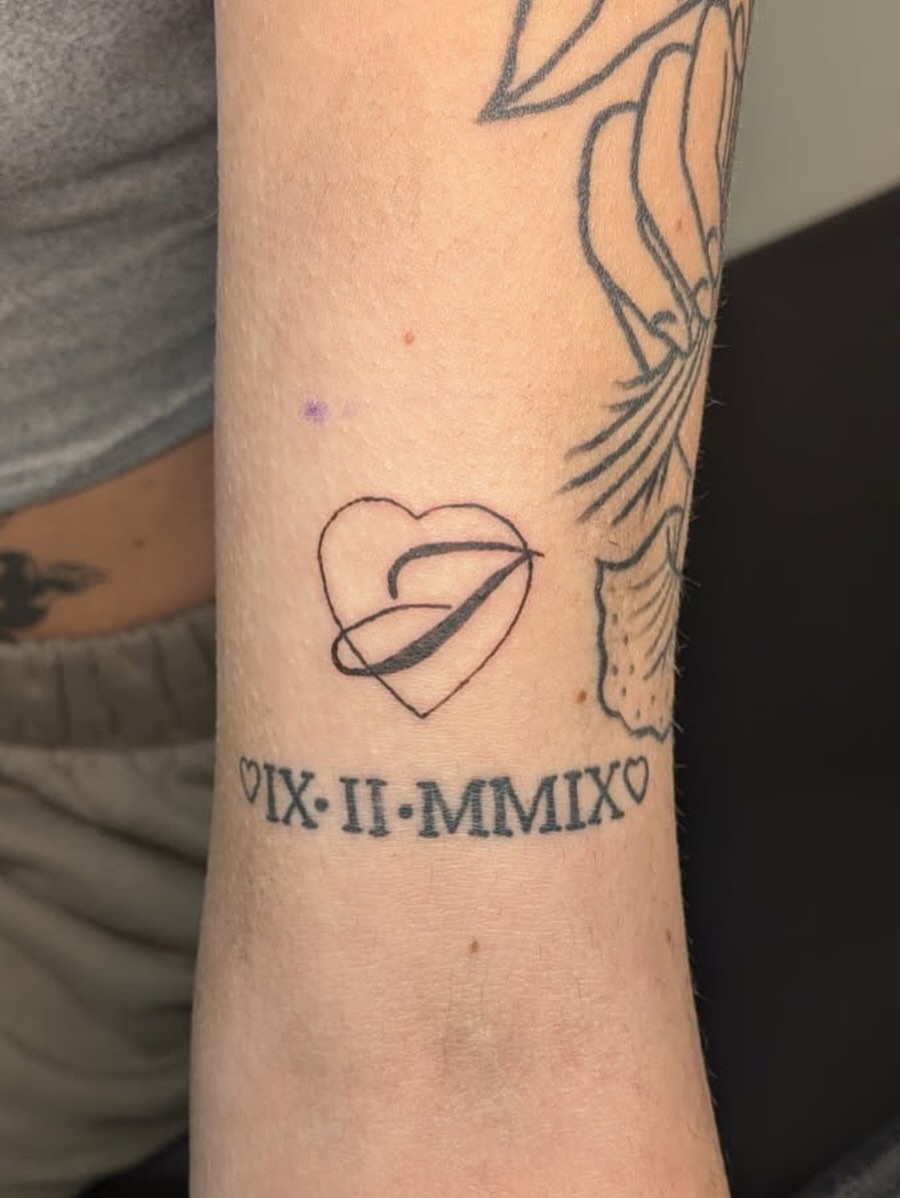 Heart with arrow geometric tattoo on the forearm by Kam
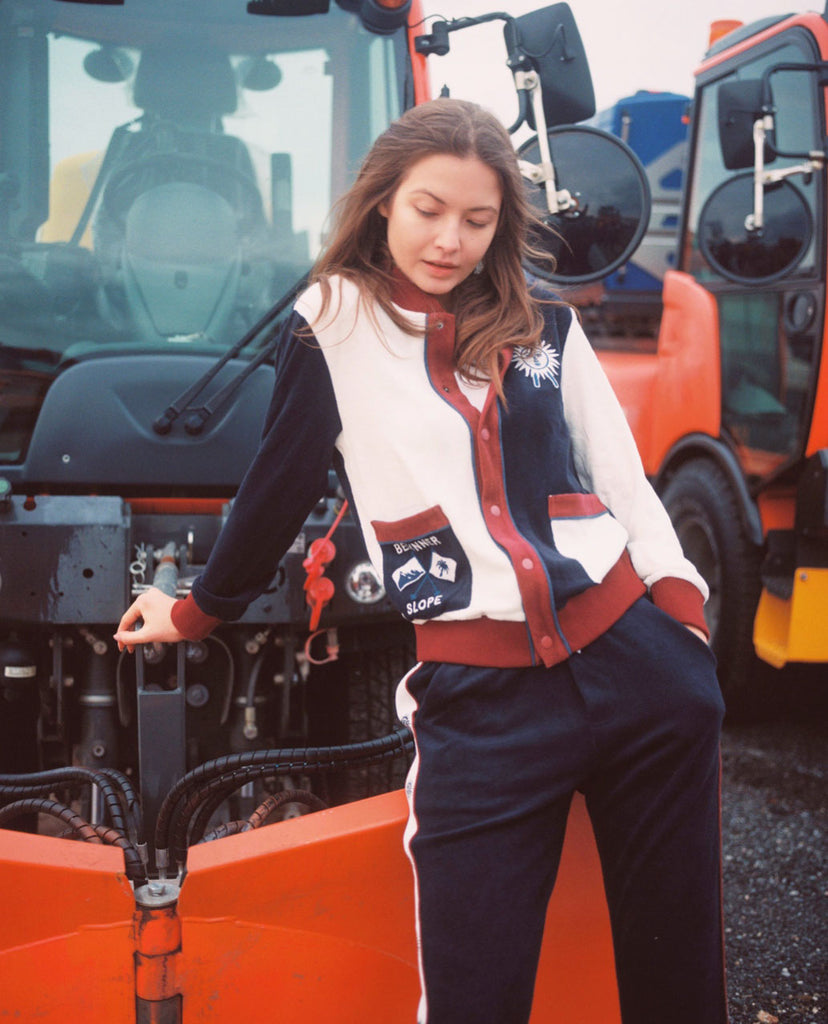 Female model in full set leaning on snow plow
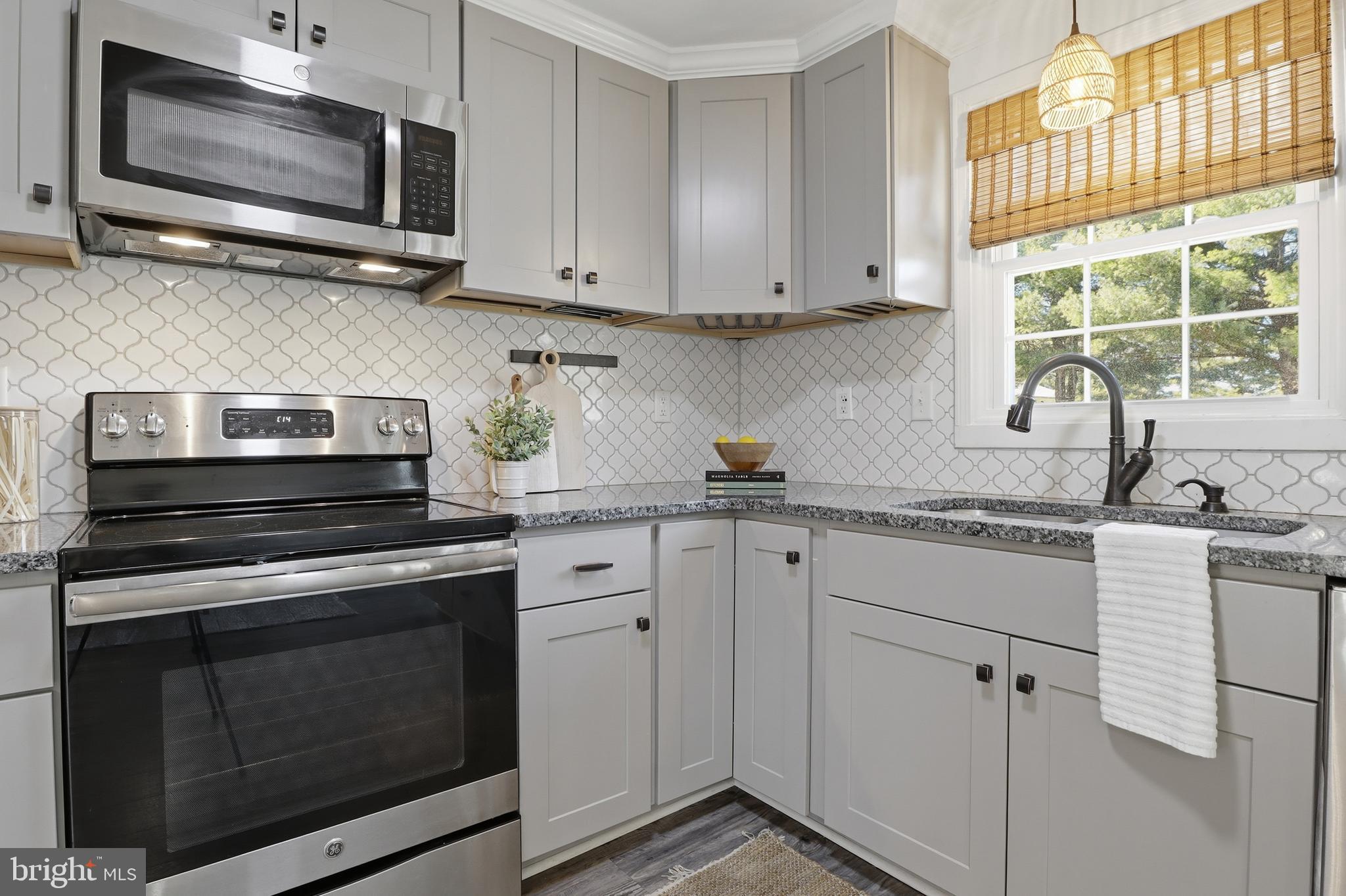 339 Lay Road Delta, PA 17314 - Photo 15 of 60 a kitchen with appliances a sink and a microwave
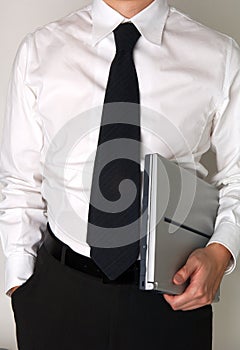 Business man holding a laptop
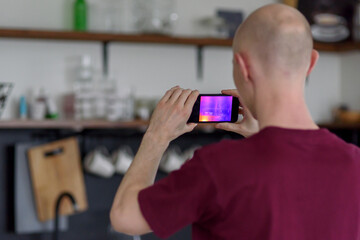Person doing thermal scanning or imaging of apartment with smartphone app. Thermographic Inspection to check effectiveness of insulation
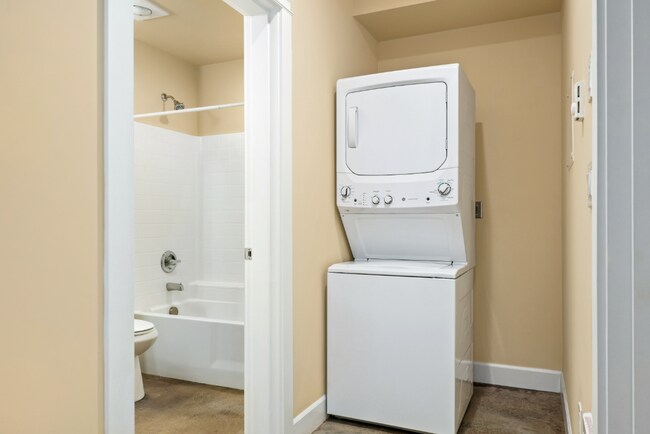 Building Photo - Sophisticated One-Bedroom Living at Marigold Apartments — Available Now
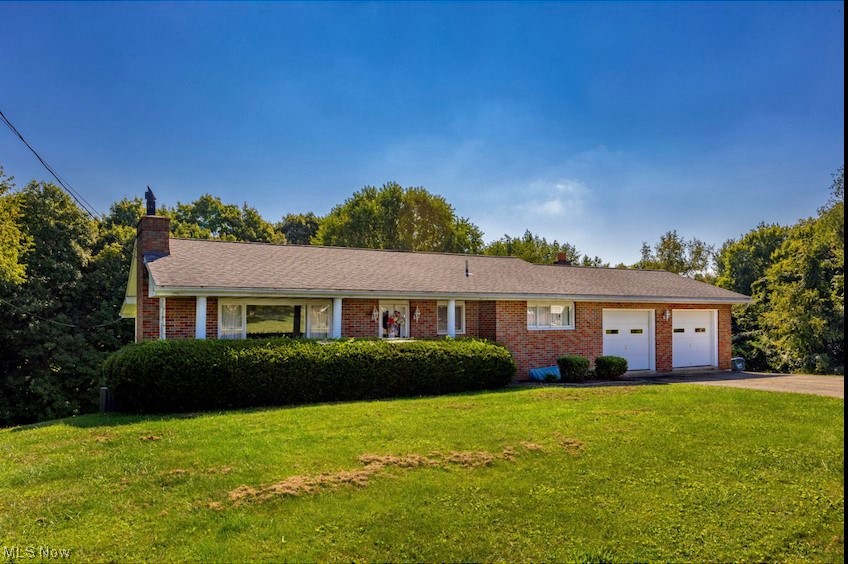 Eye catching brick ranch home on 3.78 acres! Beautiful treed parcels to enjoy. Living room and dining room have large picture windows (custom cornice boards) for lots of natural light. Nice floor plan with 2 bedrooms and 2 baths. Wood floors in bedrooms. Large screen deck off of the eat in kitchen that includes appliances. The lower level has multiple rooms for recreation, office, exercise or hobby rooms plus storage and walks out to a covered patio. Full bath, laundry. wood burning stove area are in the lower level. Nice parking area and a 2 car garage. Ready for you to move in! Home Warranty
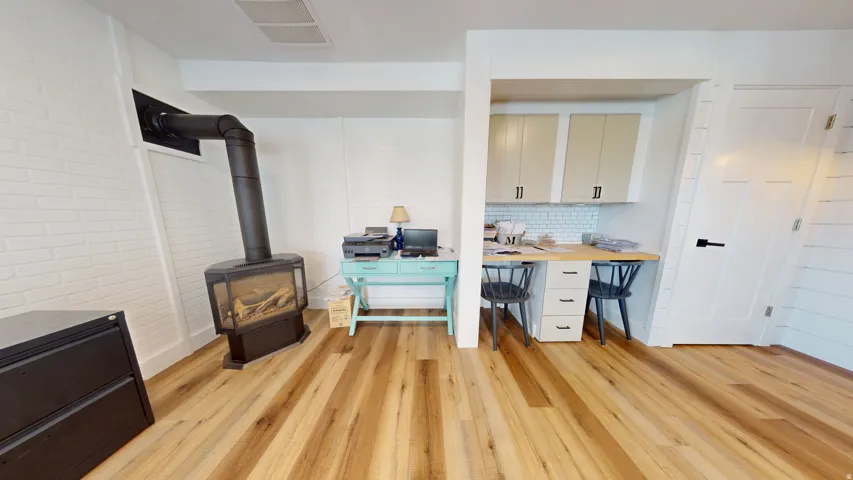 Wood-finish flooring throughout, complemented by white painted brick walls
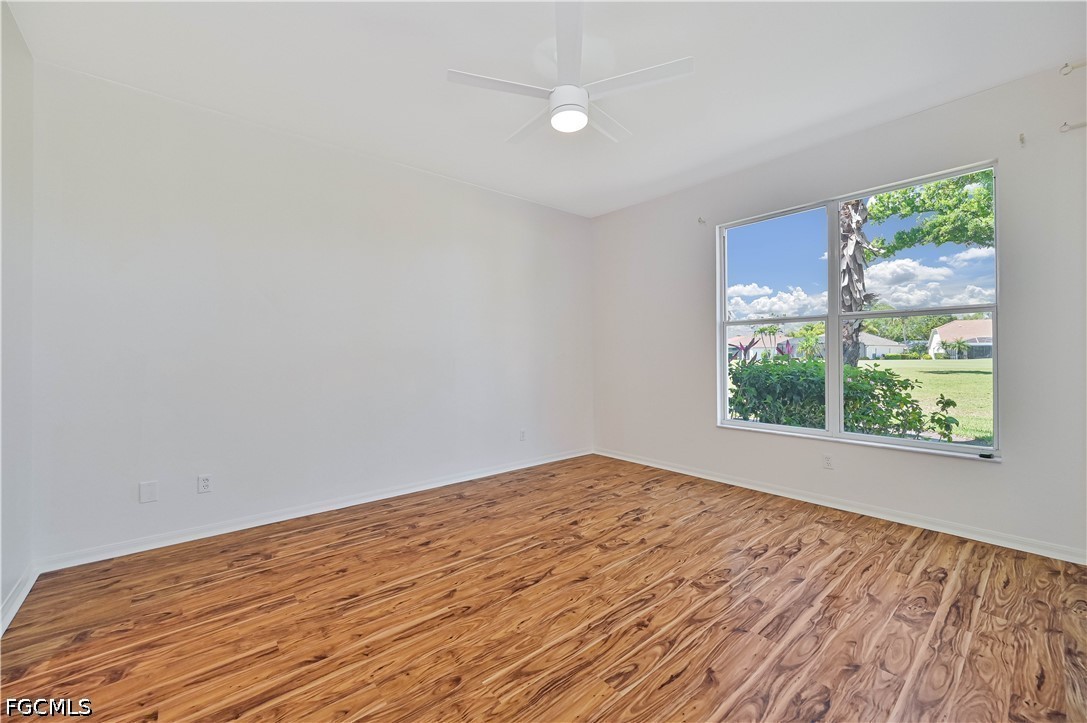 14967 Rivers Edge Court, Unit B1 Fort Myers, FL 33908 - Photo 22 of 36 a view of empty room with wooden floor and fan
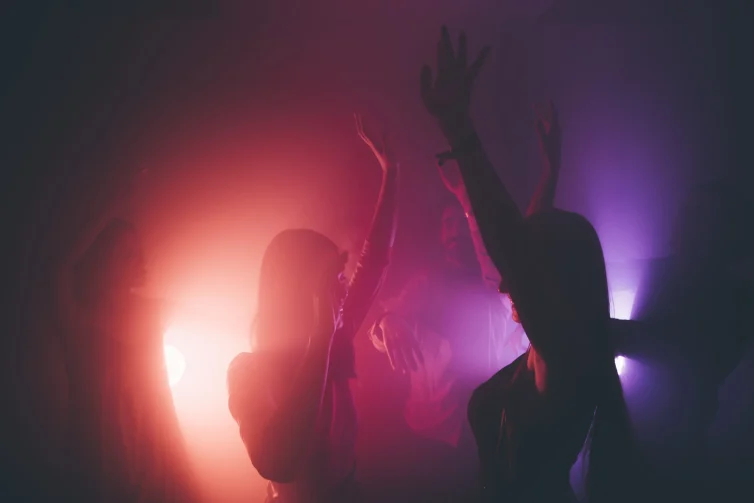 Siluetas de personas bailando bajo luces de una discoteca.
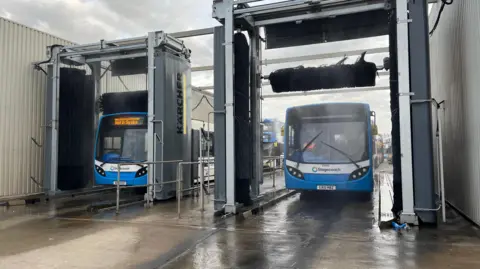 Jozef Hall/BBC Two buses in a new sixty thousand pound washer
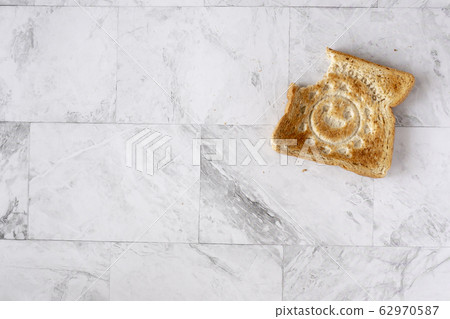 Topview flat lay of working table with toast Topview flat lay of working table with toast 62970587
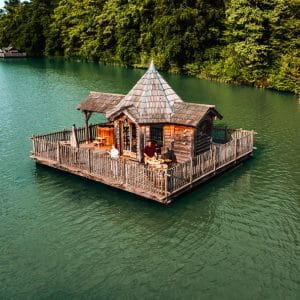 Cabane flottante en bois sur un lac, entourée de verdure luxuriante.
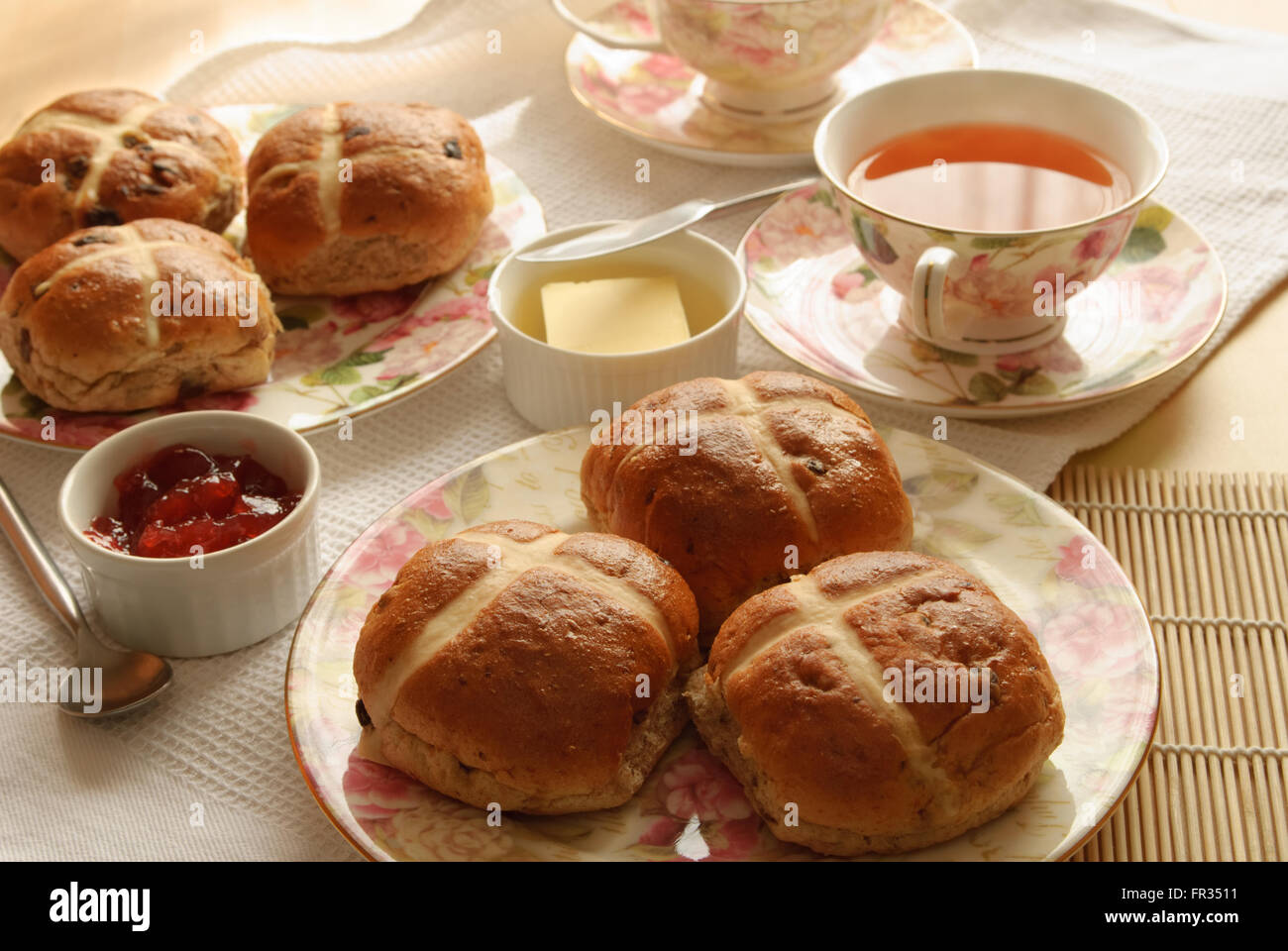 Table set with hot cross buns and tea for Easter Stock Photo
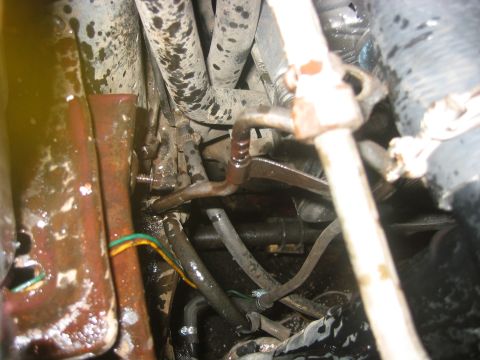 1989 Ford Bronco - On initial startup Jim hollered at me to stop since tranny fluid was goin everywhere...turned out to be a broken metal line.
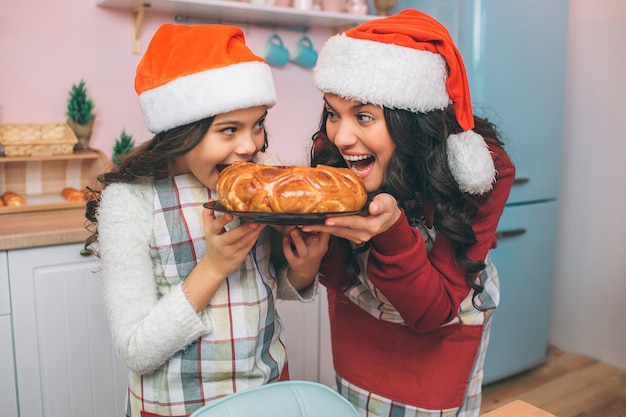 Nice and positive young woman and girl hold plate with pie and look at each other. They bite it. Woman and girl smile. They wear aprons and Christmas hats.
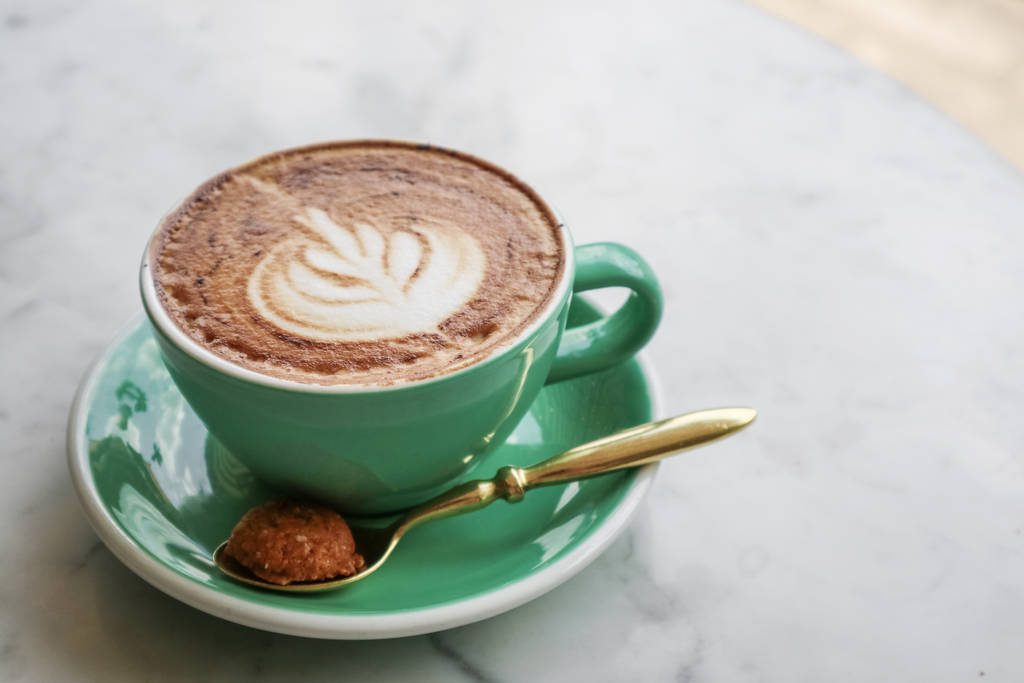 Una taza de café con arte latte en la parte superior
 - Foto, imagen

☆ ☆ ☆

_Exercise instructions_
Write out the records above exactly as they appear, leaving out any pictures.

_Exercise solution_
 Heart with arrow geometric tattoo on the forearm by Kam
 Female model in full set leaning on snow plow
 339 Lay Road Delta, PA 17314 - Photo 15 of 60 a kitchen with appliances a sink and a microwave
 Business man holding a laptop
Person doing thermal scanning or imaging of apartment with smartphone app. Thermographic Inspection to check effectiveness of insulation
 Building Photo - Sophisticated One-Bedroom Living at Marigold Apartments — Available Now
 Eye catching brick ranch home on 3.78 acres! Beautiful treed parcels to enjoy. Living room and dining room have large picture windows (custom cornice boards) for lots of natural light. Nice floor plan with 2 bedrooms and 2 baths. Wood floors in bedrooms. Large screen deck off of the eat in kitchen that includes appliances. The lower level has multiple rooms for recreation, office, exercise or hobby rooms plus storage and walks out to a covered patio. Full bath, laundry. wood burning stove area are in the lower level. Nice parking area and a 2 car garage. Ready for you to move in! Home Warranty
 Wood-finish flooring throughout, complemented by white painted brick walls
 14967 Rivers Edge Court, Unit B1 Fort Myers, FL 33908 - Photo 22 of 36 a view of empty room with wooden floor and fan
 Siluetas de personas bailando bajo luces de una discoteca.
 Jozef Hall/BBC Two buses in a new sixty thousand pound washer
 Topview flat lay of working table with toast Topview flat lay of working table with toast 62970587
 Cabane flottante en bois sur un lac, entourée de verdure luxuriante.
 Table set with hot cross buns and tea for Easter Stock Photo
 1989 Ford Bronco - On initial startup Jim hollered at me to stop since tranny fluid was goin everywhere...turned out to be a broken metal line.
 Nice and positive young woman and girl hold plate with pie and look at each other. They bite it. Woman and girl smile. They wear aprons and Christmas hats.
 Una taza de café con arte latte en la parte superior
 - Foto, imagen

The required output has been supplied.